[Excerpts from a dataset]
= = =
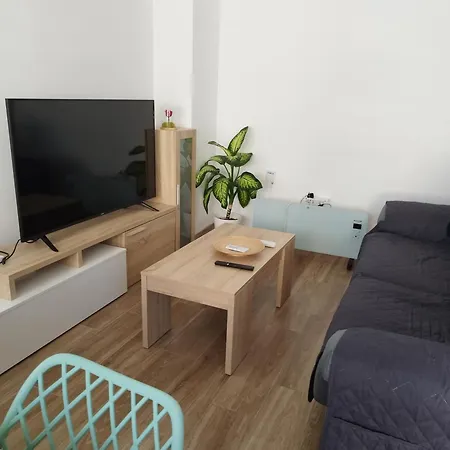 Apartament Acogedor *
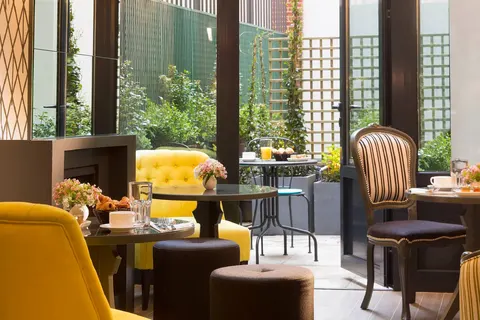 Les Plumes Hôtel Paris foto 1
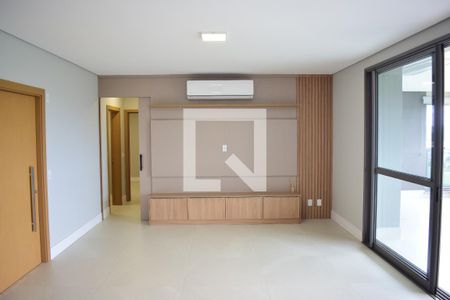Sala de apartamento para alugar com 4 quartos, 227m² em Bonfim Paulista, Ribeirão Preto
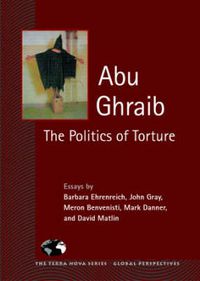 Cover image for Abu Ghraib: The Politics of Torture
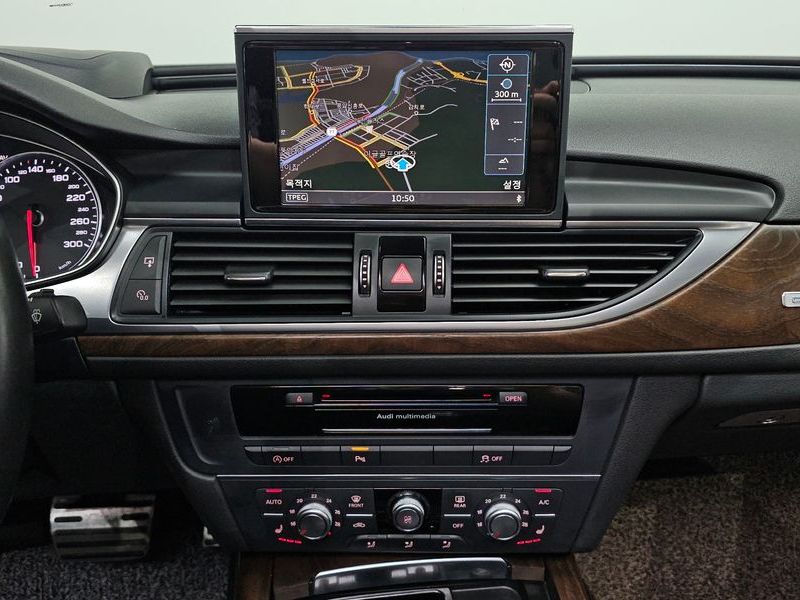 2016 Audi A6 40 TDI Quattro C7 photo 12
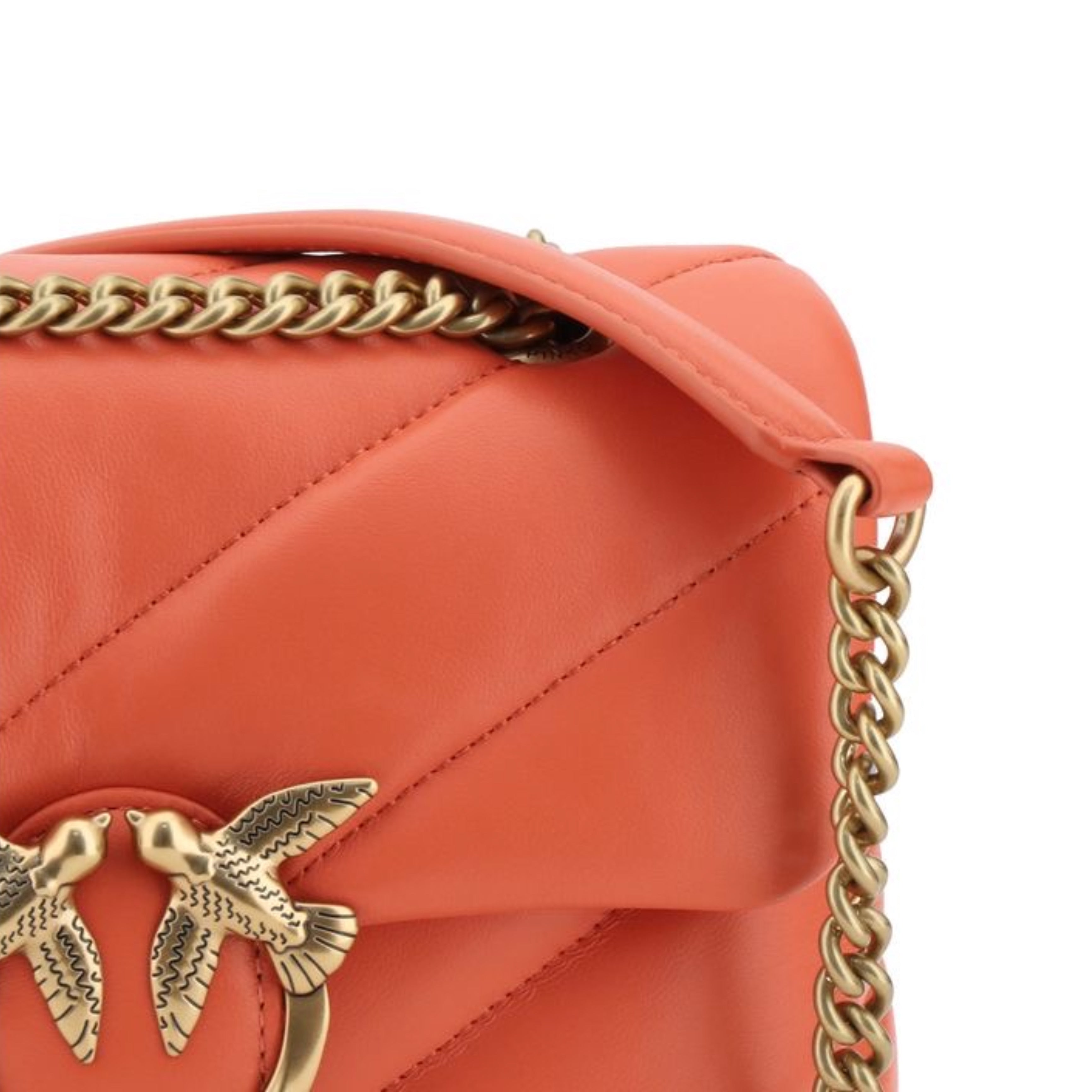 PINKO Love Mini Puff Shoulder Bag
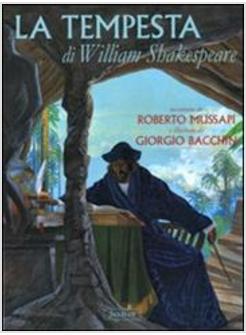 TEMPESTA DI WILLIAM SHAKESPEARE (LA)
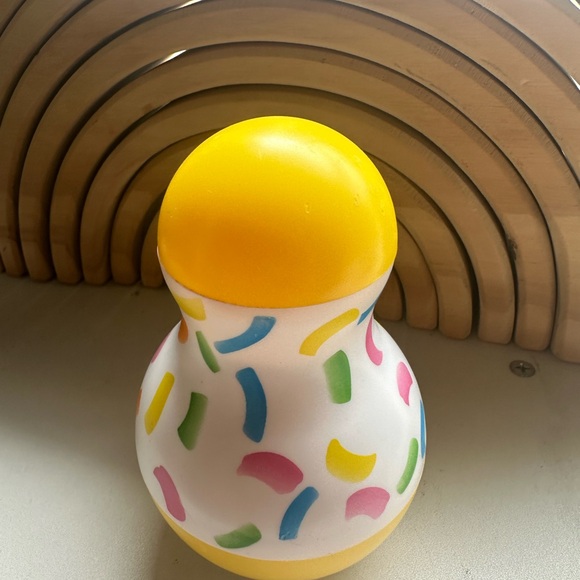 Tummy Time Wobbler Lovevery - Picture 4 of 5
= = =
[How to complete this task]: Every line from the one containing "Sala de apartamento" through the last line of the data, both included, is to be repeated exactly; the pictures are to be left out.

[Solved exercise]:
Sala de apartamento para alugar com 4 quartos, 227m² em Bonfim Paulista, Ribeirão Preto
 Cover image for Abu Ghraib: The Politics of Torture
 2016 Audi A6 40 TDI Quattro C7 photo 12
 PINKO Love Mini Puff Shoulder Bag
 TEMPESTA DI WILLIAM SHAKESPEARE (LA)
 Tummy Time Wobbler Lovevery - Picture 4 of 5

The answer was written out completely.